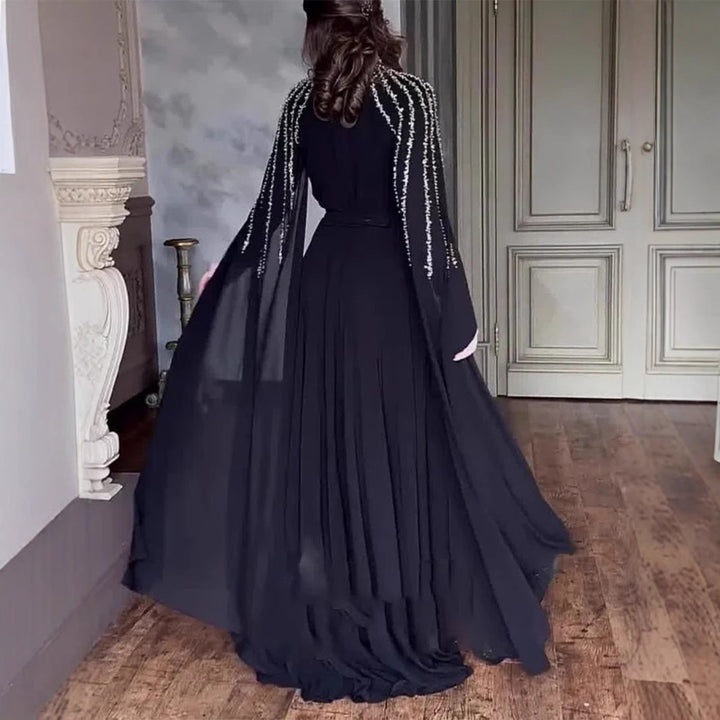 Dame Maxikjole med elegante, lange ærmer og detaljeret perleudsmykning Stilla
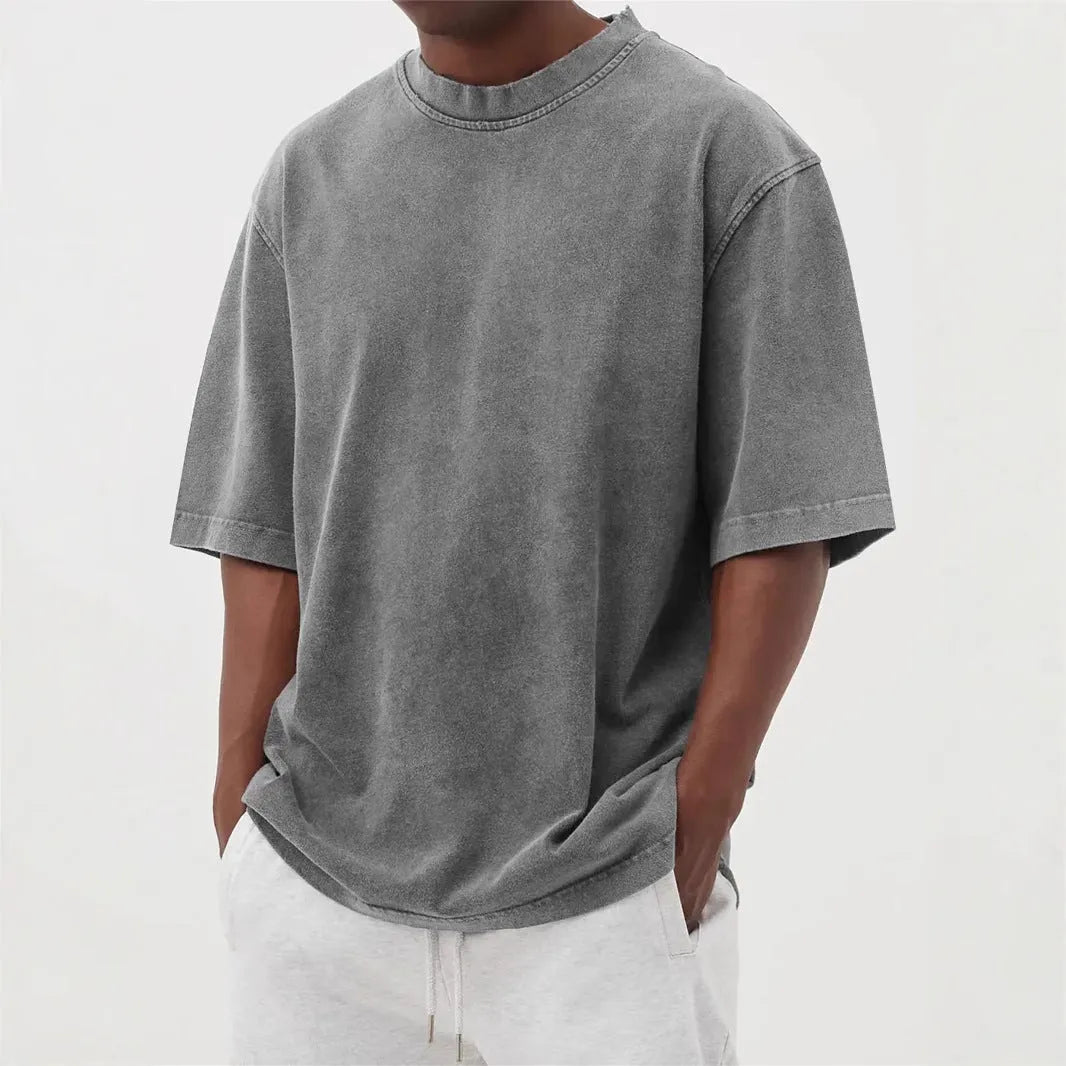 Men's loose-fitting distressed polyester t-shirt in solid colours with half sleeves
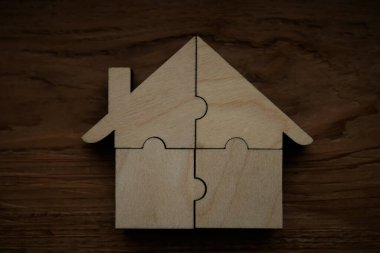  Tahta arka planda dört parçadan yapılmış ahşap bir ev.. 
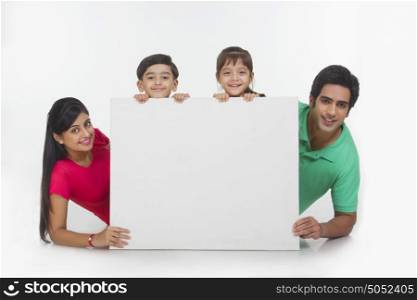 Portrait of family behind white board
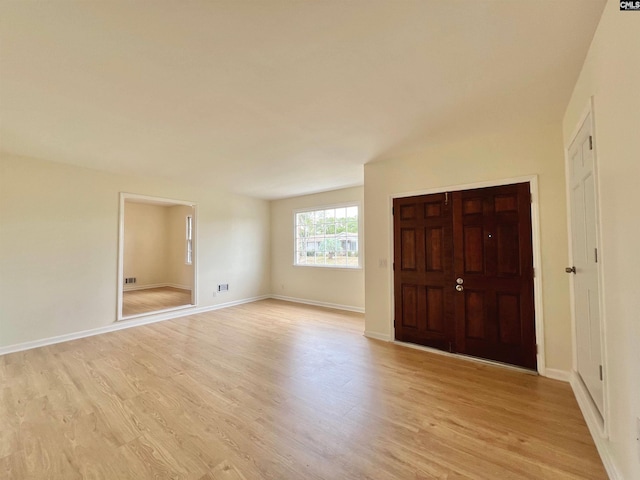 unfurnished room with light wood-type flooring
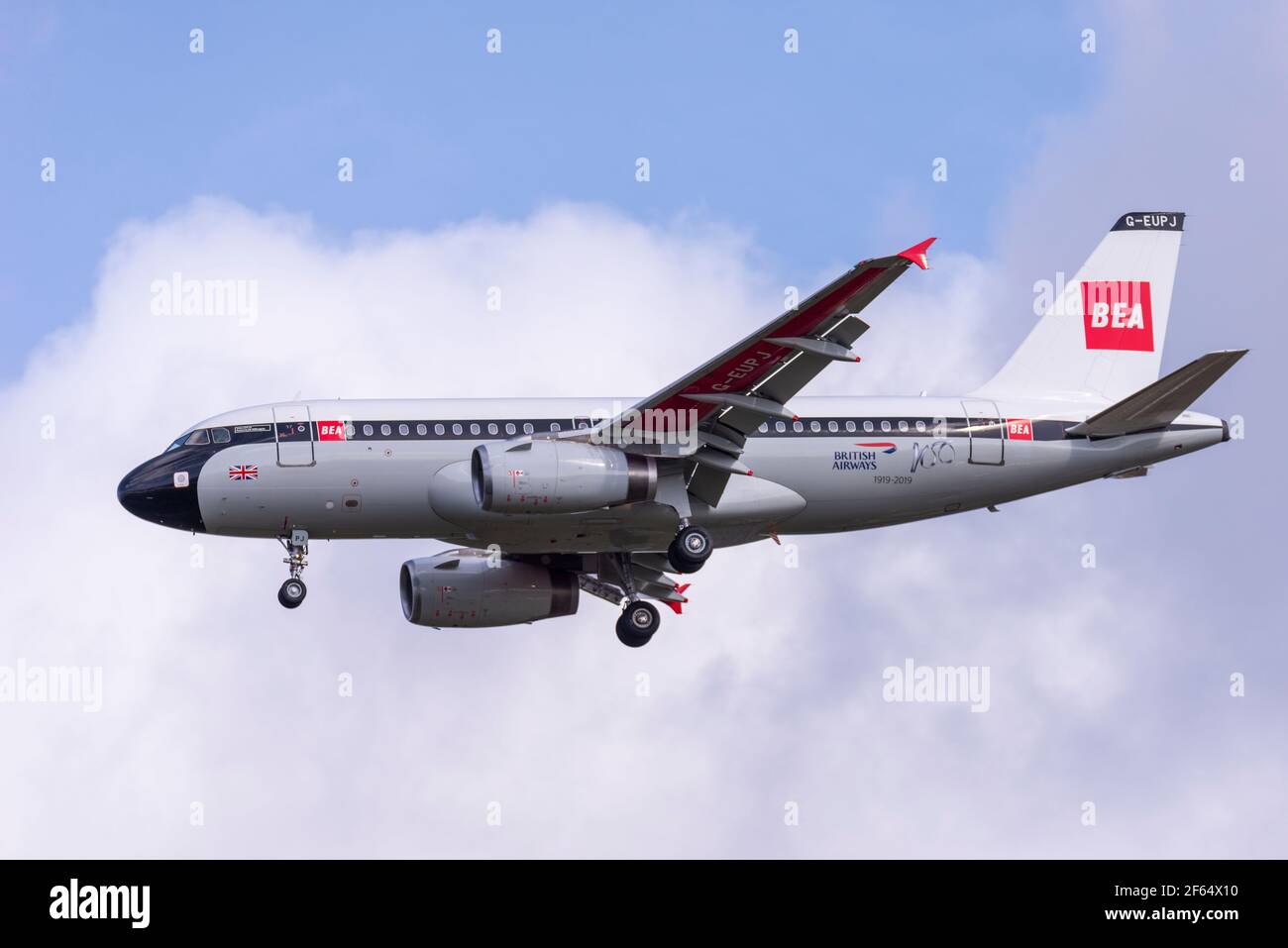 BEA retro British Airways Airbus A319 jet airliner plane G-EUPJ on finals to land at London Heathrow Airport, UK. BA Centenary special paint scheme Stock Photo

==

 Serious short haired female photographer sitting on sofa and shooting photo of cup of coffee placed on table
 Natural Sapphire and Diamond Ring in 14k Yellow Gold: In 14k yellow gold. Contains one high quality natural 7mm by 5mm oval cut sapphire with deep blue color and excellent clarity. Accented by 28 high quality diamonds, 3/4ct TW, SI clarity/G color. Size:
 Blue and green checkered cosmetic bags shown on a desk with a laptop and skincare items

---

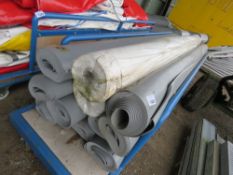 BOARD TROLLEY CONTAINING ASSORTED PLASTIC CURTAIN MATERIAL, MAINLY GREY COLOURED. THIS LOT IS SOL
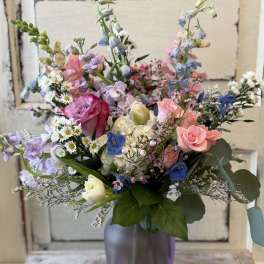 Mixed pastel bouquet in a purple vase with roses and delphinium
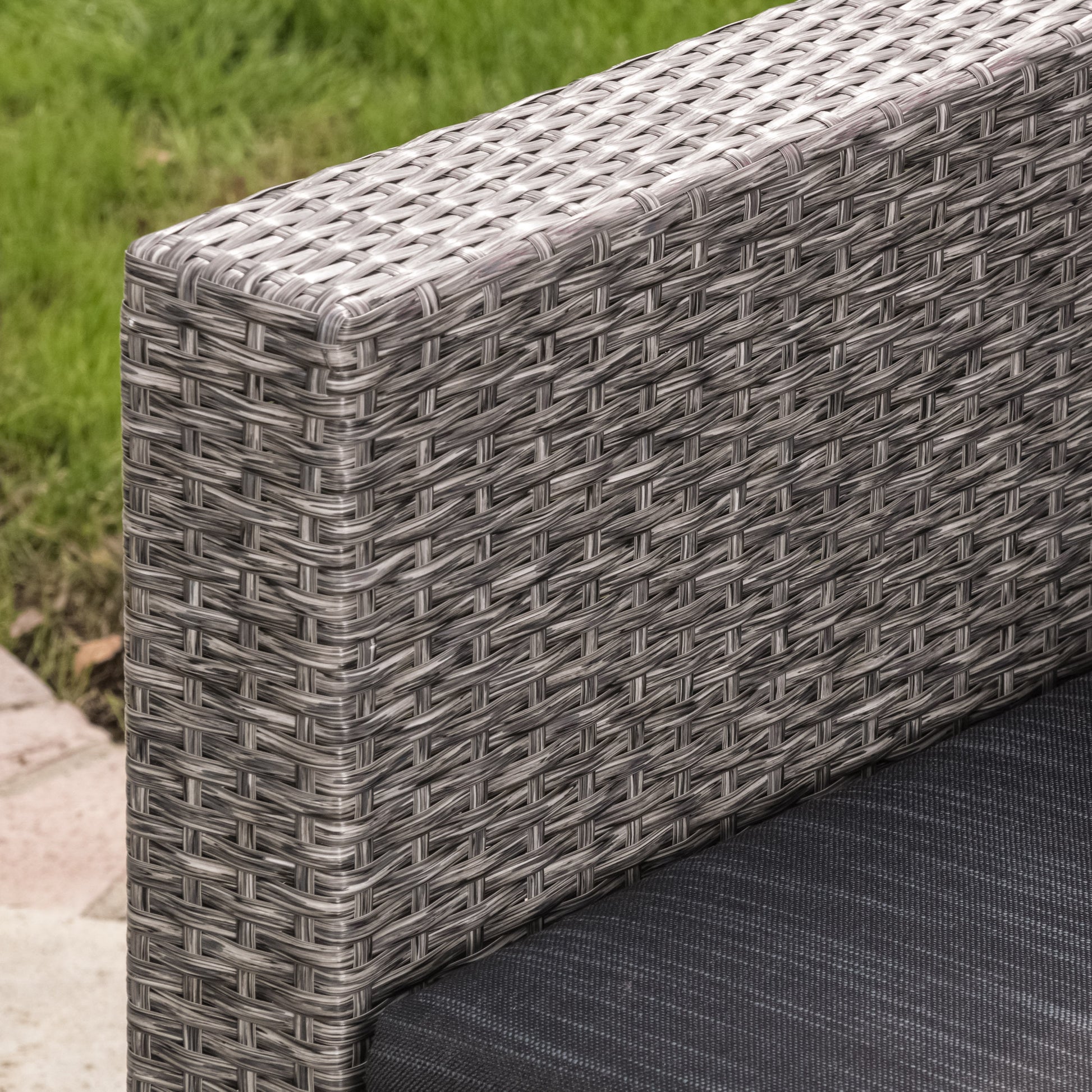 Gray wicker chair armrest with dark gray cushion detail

WORK TO BE COMPLETED>
Begin at the line in the entries above that has "Mixed pastel bouquet", stop after the line that has "Gray wicker chair", and output exactly those lines without pictures.

RESULT FOR THIS EXERCISE>
 Mixed pastel bouquet in a purple vase with roses and delphinium
 Gray wicker chair armrest with dark gray cushion detail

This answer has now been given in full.